## To do
From the line below that contains "Bicicleta Cannondale F8 Aro 26" to the line that contains "حرص خوردن مهدی", repeat every line exactly, both ends included, and nothing else.

>>>

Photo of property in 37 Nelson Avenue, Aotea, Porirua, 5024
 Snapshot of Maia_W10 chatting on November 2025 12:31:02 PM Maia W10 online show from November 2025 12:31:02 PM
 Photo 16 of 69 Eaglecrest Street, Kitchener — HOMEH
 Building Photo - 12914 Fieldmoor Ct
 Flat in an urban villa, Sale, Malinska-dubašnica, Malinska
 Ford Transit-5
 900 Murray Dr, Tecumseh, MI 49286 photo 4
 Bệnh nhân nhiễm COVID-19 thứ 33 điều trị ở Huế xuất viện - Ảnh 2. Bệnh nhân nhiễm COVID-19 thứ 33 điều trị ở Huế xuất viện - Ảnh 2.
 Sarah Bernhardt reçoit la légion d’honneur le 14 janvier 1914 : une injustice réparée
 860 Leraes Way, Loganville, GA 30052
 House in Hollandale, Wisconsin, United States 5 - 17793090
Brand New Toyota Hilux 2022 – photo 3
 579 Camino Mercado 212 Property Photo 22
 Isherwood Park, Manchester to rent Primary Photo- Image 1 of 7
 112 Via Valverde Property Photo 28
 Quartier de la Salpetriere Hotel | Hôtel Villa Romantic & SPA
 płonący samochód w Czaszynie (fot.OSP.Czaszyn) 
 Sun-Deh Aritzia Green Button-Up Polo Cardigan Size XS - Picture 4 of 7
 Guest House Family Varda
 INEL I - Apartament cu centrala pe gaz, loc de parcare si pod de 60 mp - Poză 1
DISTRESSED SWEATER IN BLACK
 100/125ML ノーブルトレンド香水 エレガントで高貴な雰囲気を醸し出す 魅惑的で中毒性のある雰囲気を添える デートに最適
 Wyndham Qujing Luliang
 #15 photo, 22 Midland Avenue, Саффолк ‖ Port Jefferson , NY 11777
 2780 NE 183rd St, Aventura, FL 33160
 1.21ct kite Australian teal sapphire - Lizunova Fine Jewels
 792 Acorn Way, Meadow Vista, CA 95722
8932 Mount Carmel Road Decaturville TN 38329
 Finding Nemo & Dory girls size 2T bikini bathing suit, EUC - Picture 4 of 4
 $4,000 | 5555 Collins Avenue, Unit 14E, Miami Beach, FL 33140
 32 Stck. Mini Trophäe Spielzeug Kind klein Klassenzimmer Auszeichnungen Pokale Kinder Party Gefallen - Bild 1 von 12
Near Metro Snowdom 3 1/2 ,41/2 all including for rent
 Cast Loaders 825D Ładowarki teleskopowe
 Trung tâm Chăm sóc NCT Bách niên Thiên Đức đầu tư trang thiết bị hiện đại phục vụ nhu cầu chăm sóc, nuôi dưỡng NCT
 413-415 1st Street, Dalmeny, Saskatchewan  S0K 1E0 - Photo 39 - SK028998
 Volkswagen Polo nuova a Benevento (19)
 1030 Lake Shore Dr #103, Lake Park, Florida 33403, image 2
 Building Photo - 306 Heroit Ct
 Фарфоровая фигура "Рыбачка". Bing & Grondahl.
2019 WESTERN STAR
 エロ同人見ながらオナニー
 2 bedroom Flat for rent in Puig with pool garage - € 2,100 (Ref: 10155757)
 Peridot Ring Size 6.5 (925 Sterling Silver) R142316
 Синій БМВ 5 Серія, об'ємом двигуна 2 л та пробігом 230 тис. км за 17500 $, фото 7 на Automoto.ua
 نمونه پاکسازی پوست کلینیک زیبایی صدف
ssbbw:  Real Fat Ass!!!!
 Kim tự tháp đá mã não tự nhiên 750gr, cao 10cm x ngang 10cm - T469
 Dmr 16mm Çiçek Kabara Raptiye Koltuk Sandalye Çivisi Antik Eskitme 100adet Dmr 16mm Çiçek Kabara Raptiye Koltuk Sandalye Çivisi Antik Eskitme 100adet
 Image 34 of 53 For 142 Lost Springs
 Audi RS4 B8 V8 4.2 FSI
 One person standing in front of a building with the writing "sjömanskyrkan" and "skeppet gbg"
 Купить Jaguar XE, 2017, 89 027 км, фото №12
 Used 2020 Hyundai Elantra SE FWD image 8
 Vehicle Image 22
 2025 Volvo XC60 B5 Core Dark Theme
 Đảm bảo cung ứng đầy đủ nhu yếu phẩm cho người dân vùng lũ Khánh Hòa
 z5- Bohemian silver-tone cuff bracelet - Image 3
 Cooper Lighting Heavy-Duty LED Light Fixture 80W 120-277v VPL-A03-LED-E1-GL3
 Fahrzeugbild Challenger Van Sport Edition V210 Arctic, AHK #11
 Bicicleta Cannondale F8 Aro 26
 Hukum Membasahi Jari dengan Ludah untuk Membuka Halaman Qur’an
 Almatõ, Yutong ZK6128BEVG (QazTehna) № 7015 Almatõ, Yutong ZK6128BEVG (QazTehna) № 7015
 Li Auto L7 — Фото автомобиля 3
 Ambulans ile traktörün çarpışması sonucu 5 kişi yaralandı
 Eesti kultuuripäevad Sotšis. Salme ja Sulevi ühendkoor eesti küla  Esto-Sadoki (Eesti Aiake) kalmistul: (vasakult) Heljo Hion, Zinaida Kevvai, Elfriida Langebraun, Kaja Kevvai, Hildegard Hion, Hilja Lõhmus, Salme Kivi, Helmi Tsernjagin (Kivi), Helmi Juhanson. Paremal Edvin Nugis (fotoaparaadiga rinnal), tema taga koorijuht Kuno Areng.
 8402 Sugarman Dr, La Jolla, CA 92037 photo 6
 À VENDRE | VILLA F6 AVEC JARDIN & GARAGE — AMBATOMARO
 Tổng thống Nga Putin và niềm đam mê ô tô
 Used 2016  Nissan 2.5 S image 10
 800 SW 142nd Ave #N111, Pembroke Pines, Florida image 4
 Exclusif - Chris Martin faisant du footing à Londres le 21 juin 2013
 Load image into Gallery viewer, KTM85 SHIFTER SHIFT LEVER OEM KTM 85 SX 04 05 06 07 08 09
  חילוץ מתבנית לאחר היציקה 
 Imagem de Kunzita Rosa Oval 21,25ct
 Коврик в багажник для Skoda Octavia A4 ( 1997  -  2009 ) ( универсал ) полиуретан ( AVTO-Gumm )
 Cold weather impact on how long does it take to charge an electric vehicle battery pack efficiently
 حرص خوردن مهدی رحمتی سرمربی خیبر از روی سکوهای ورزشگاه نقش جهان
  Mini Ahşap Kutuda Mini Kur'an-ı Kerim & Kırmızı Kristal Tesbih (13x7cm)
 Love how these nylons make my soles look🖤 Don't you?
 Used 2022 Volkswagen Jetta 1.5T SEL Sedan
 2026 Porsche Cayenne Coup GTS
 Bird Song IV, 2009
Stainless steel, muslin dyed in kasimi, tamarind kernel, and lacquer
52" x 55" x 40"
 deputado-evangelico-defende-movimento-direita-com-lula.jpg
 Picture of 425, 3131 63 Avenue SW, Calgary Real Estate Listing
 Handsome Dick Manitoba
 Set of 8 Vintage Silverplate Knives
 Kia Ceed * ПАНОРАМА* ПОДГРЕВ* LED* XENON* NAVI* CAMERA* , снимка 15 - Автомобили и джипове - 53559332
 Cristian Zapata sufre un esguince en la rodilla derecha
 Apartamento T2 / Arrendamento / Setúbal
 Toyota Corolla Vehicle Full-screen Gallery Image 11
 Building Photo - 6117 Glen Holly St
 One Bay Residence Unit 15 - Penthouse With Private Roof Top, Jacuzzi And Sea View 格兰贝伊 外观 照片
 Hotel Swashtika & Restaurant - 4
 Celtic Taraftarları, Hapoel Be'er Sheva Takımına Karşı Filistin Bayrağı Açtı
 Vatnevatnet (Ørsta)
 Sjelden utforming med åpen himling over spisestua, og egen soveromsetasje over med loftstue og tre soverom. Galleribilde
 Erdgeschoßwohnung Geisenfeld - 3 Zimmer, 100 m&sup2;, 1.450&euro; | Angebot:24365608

<<<

## Result for this exercise
 Bicicleta Cannondale F8 Aro 26
 Hukum Membasahi Jari dengan Ludah untuk Membuka Halaman Qur’an
 Almatõ, Yutong ZK6128BEVG (QazTehna) № 7015 Almatõ, Yutong ZK6128BEVG (QazTehna) № 7015
 Li Auto L7 — Фото автомобиля 3
 Ambulans ile traktörün çarpışması sonucu 5 kişi yaralandı
 Eesti kultuuripäevad Sotšis. Salme ja Sulevi ühendkoor eesti küla  Esto-Sadoki (Eesti Aiake) kalmistul: (vasakult) Heljo Hion, Zinaida Kevvai, Elfriida Langebraun, Kaja Kevvai, Hildegard Hion, Hilja Lõhmus, Salme Kivi, Helmi Tsernjagin (Kivi), Helmi Juhanson. Paremal Edvin Nugis (fotoaparaadiga rinnal), tema taga koorijuht Kuno Areng.
 8402 Sugarman Dr, La Jolla, CA 92037 photo 6
 À VENDRE | VILLA F6 AVEC JARDIN & GARAGE — AMBATOMARO
 Tổng thống Nga Putin và niềm đam mê ô tô
 Used 2016  Nissan 2.5 S image 10
 800 SW 142nd Ave #N111, Pembroke Pines, Florida image 4
 Exclusif - Chris Martin faisant du footing à Londres le 21 juin 2013
 Load image into Gallery viewer, KTM85 SHIFTER SHIFT LEVER OEM KTM 85 SX 04 05 06 07 08 09
  חילוץ מתבנית לאחר היציקה 
 Imagem de Kunzita Rosa Oval 21,25ct
 Коврик в багажник для Skoda Octavia A4 ( 1997  -  2009 ) ( универсал ) полиуретан ( AVTO-Gumm )
 Cold weather impact on how long does it take to charge an electric vehicle battery pack efficiently
 حرص خوردن مهدی رحمتی سرمربی خیبر از روی سکوهای ورزشگاه نقش جهان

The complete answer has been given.